Mark Kelsey’s Christmas gift

  • By Kathy Hanson Staff Reporter
  •  
    • 12 hrs ago
    •  
 
kelsey
 
 

You may not believe in miracles but Mark Kelsey does.

He’s walking normally again, having spent the last several years in a wheelchair due to Parkinson’s disease.

Sawyer County is familiar with Kelsey’s story. He spent 39 years in law enforcement before retiring in July 2017 as two-term Sawyer County Sheriff. It was a mean blow but Kelsey made the most of it, turning his disability into spray can art. But the Parkinson’s marched on through his body, leaving him unable to do much of anything.

 

“My world totally shifted. I had to have 24 hour a day care. My wife was getting up during the night. My mom or sister would come down during the day. My boys and my whole family got me through that time. That lasted for about nine months. It makes me wonder how someone without family or a support network could get through this. Parkinson’s not only affects you, it affects everyone around you,” Kelsey told the Record.

When his medications affected his breathing and his neurologist kept prescribing it, Kelsey decided to become his own health advocate. He and his wife, Marge, went to the University of Minnesota-Fairview to investigate a procedure called Deep Brain Stimulation (DBS), not knowing if he would be a candidate for what he describes as a series of brain surgeries in which they implant two electrodes in the base of the brain and attach them to a computer/battery implanted in the chest.
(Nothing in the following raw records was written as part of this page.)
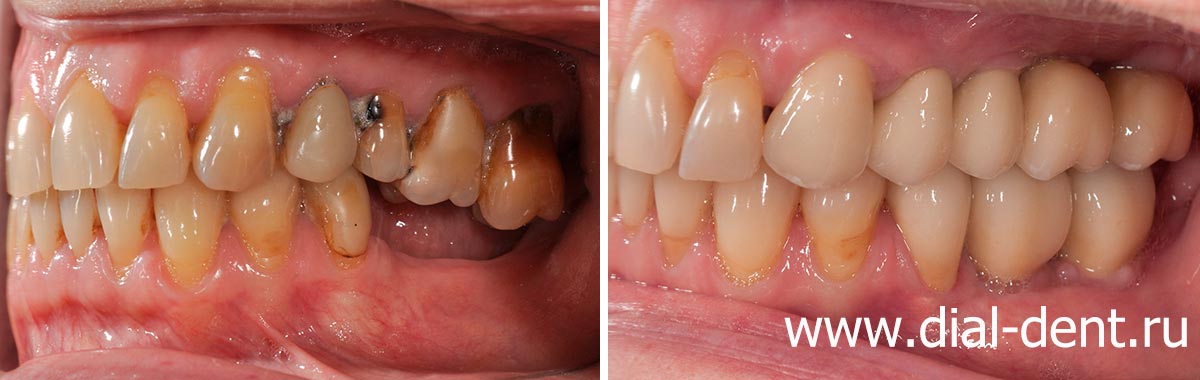 вид слева до и после протезирования жевательных зубов керамическими коронками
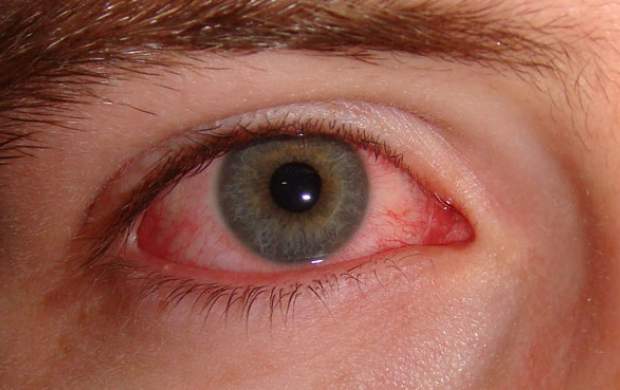 قرمزی چشم دلیل چه بیماری‌هایی است؟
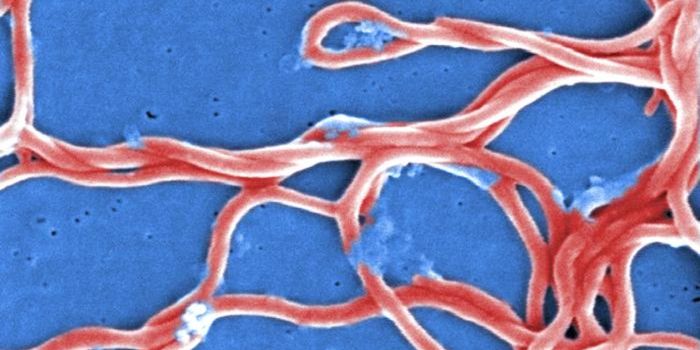 Researchers Find a Lyme Disease Diagnostic & Treatment Target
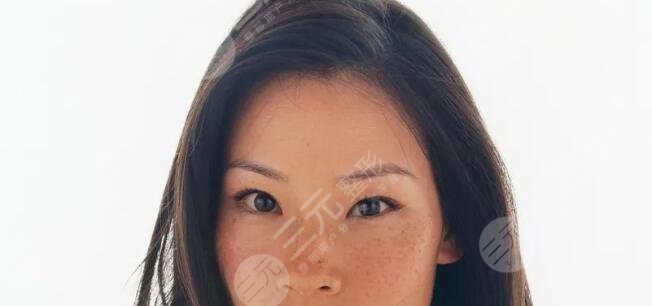 单眼皮不好看?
After a consultation and intensive testing—movement, psychological, neurological, balance and coordination—Kelsey waited four weeks to learn he was, in fact, a candidate.
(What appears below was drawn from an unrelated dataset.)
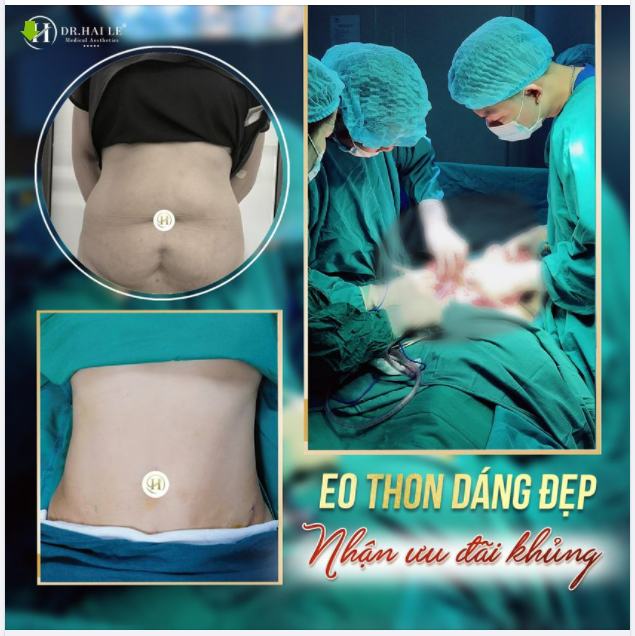 TẠO HÌNH THÀNH BỤNG X-LINE – KIẾN TẠO VÒNG EO THON GỌN LÝ TƯỞNG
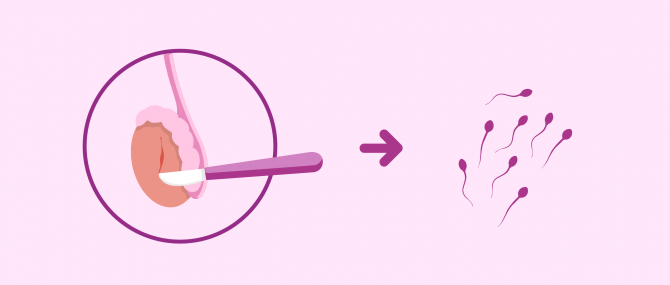 What Is A Testicular Biopsy Purpose And Procedure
There would be three surgeries. Kelsey described the first one.

“The day of the first surgery came. That was an implant into the left side of my brain. I think a lot of people may be intimidated by how intrusive the surgery is and that you have to be awake for a good portion of it. That surgery took seven hours. Your head is actually in an immobile halo. They do an MRI to see where to drill the holes and which angle they want to put the electrodes in because they have to pierce through the brain to get to the base of the brain where the Parkinson’s signals are sent from.
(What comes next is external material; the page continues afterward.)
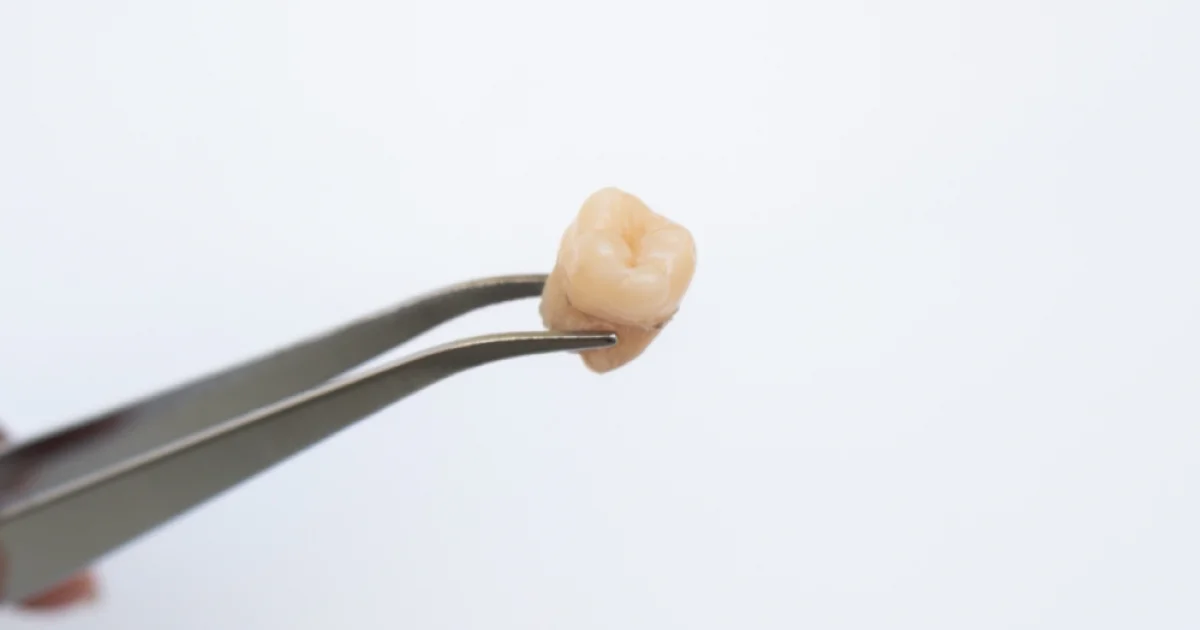Estrazione dente del giudizio: guida completa al recupero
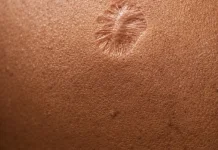 Bekas Vaksin Cacar, Tanda Tubuh Pernah Melawan Infeksi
“I stayed one night in the hospital to make sure there was no bleeding or infection. My wife, sons, daughter-in-law and grandchildren were all there.”

Six weeks later Kelsey went in for the second surgery which was the implantation of the battery/computer into his chest and tunneling under the skin to hook up the wiring for the left side implant.

Another six weeks and there was surgery to implant the right side.

 

At this point there was still no change in his situation because nothing was ignited. He still required 24-hour care.

A couple weeks later they programmed the left side implant through the use of Bluetooth and they turned it on.

“I stood up and walked across the room. It was truly like a miracle,” Kelsey said.

Today Kelsey carries a remote programmer which allows him to turn the DBS system on and off and adjust the power of the device on the side that has been activated. The other side will be activated sometime this month, he said.

Kelsey can now walk and feed himself. He can drive again. He can walk in the woods. His speech has returned. The head and hand tremors are gone.

He still has some balance issues and sleep comes hard for him, but he is grateful.

“Today I look for things I can do and not focus on the things I can’t. I didn’t truly understand how blessed I was to have the friends and family I have. In many ways this has been a blessing.

The things you take for granted, like walking, and then getting that ability back again is a pretty profound thing.”

His sister, Holly, would agree. “I don’t think a day goes by that I don’t appreciate the simple, yet complex ability to put one foot in front of another,” she said. “I also got to spend a lot of time with Mark that we wouldn’t have otherwise spent together. I’d say we’ve always been close, but this time together was a real gift. And he is right, his sense of humor though the whole thing was just stellar. I never heard him complain and he was always grateful. To see Mark walk again is nothing short of a miracle. And I will add, he is so incredibly blessed to have Margie.

Her support, devotion and tireless care for him was truly incredible to witness.”